Makoni will run as an independent and, by standing against Mugabe, faced automatic expulsion under party rules.

“He has expelled himself from the party, he was not expelled by anyone but himself. That is the position according to the rules of the party. So yes, indeed, he is expelled from the party,” Zanu-PF’s secretary for legal affairs, Emmerson Mnangagwa, said.

Makoni had been expected to register for the poll on Friday but Zimbabwe authorities postponed the nomination date to February 15 after some politicians won a court order to delay the process.

On Wednesday, Zimbabwe’s government-controlled media branded Makoni a British- and American-sponsored puppet seeking to split Zanu-PF and oust Mugabe.

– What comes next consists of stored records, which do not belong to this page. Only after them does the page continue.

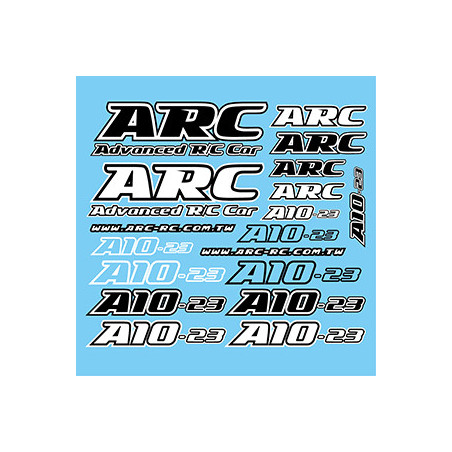 A10-23 Decal
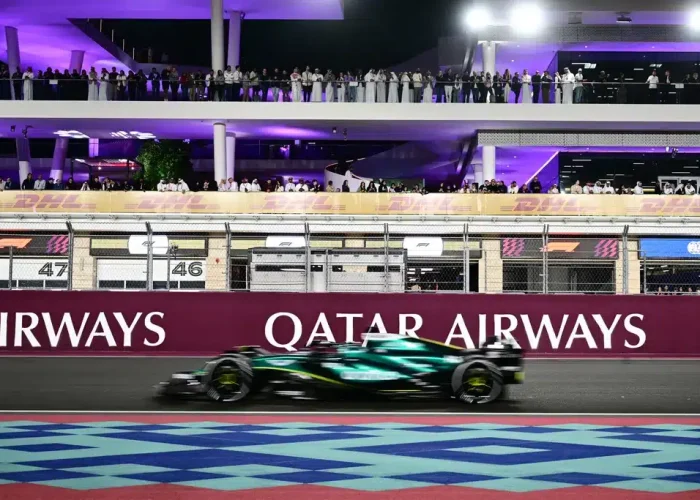GP F1 QATAR DOHA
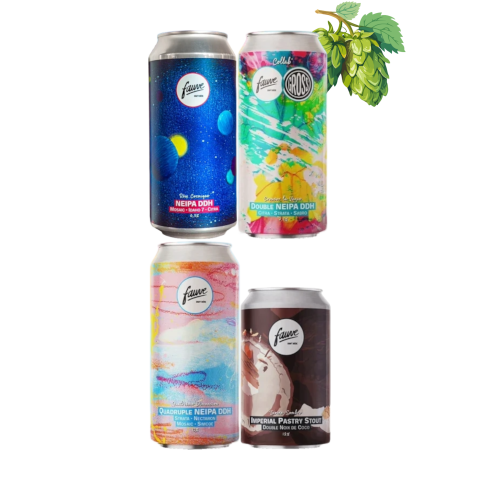 Fauve - Fauve Quartet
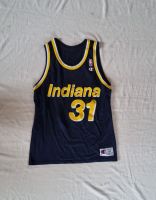 Champion Basketballtrikot Indiana Pacer Gr. 44 Reggie Miller #31 Baden-Württemberg - Heroldstatt Vorschau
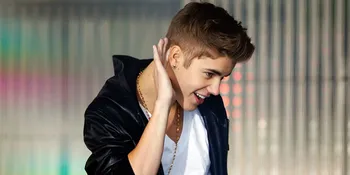 Justin Bieber, Bawa Anak Kecil ke Klub Malam?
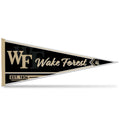 Rico Industries Ncaa Wake Forest Demon Deacons Classic 12'' X 30'' Felt Wall D  Cor Pennant - Great For Home/Bed Room/Man Cave D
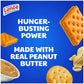 Lance Sandwich Crackers, Toasty and Toastchee Peanut Butter, 40 Ct (Pack of 2)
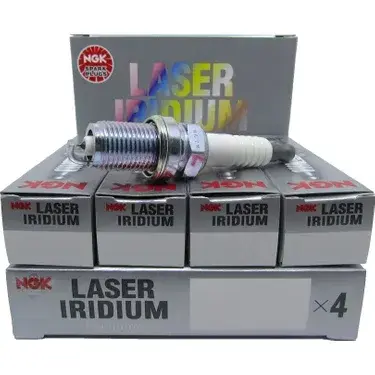 NGK LASER İRİDİUM BUJİ TAKIMI (4 ADET)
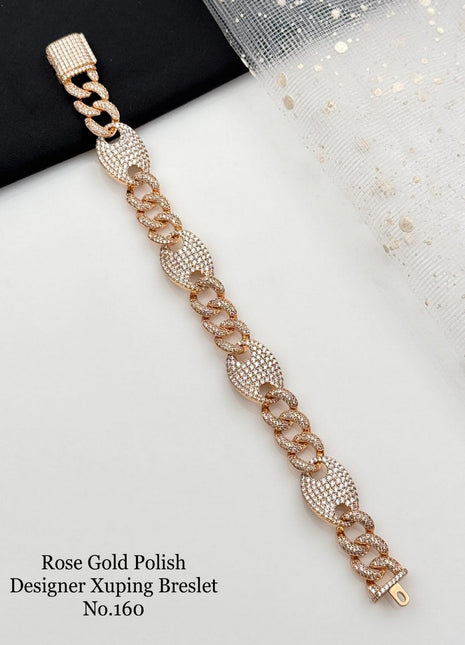 Luxury Link Chain Bracelet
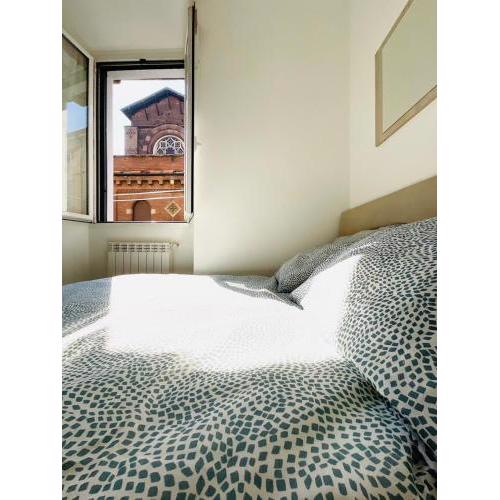 APARTMENT with WONDERFUL NAVIGLI DISTRICT VIEW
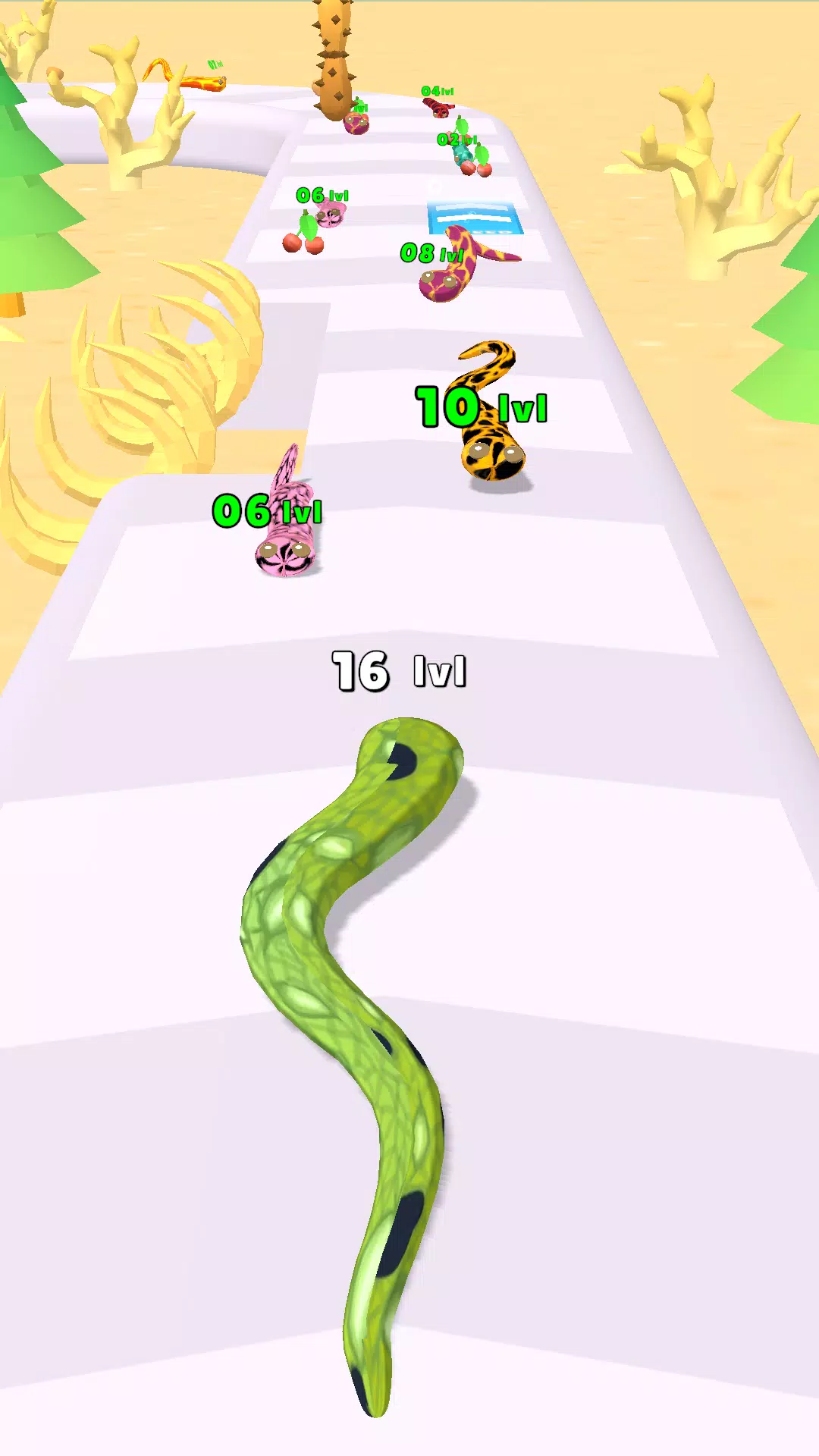 Snake Run Evolution Screenshots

Joseph Chinotimba, deputy leader of the war veterans, was quoted as saying that Makoni was a political turncoat who would suffer a humiliating defeat in the March 29 general election.

“We are now going to campaign vigorously for President Mugabe.
I feel sorry for Makoni, he has lost the political plot,” Chinotimba told the Herald newspaper.

“From today [Wednesday] to the nomination date we will have finished with them. Traitors should know that Zanu-PF has a history of dealing harshly with their kind.”

Anchor of campaigns

Chinotimba said Mugabe’s war veteran supporters—the anchor of Mugabe’s election campaigns since 2000—would not allow Makoni and his supporters to enter the party’s offices.

“We are calling on all war veterans to take control of the party,” he said.

War veterans, who fought in the 1970s conflict, along with members of Zanu-PF, have turned violent in the past in support of Mugabe. There are 30 000 war veterans in Zimbabwe.

Political analysts say Makoni is popular with the business community and urban voters disenchanted with Mugabe and the main opposition Movement for Democratic Change (MDC), but doubt he has the muscle to defeat the veteran Zimbabwean leader.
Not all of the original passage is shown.